→ Activity
Both the line with "Album cover of" and the line with "Elefante se incomoda" in the records below must appear in the output, along with every line between them, exactly and with nothing added.

→ Records to use
_ _ _ _ _ _ _
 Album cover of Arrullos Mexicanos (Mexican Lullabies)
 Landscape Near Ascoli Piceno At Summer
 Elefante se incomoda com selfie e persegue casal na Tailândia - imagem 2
_ _ _ _ _ _ _
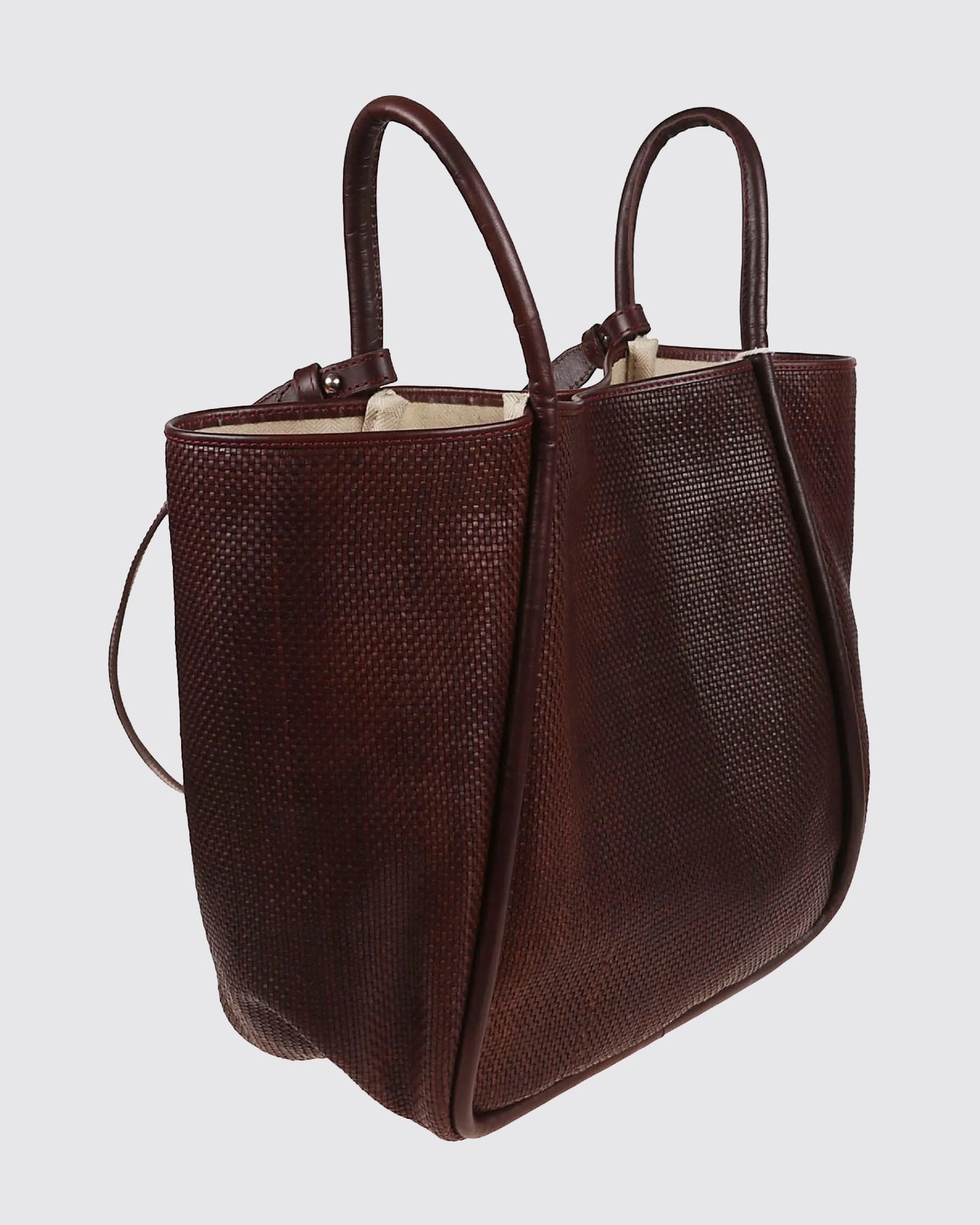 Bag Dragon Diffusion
_ _ _ _ _ _ _
→ Answer box
 Album cover of Arrullos Mexicanos (Mexican Lullabies)
 Landscape Near Ascoli Piceno At Summer
 Elefante se incomoda com selfie e persegue casal na Tailândia - imagem 2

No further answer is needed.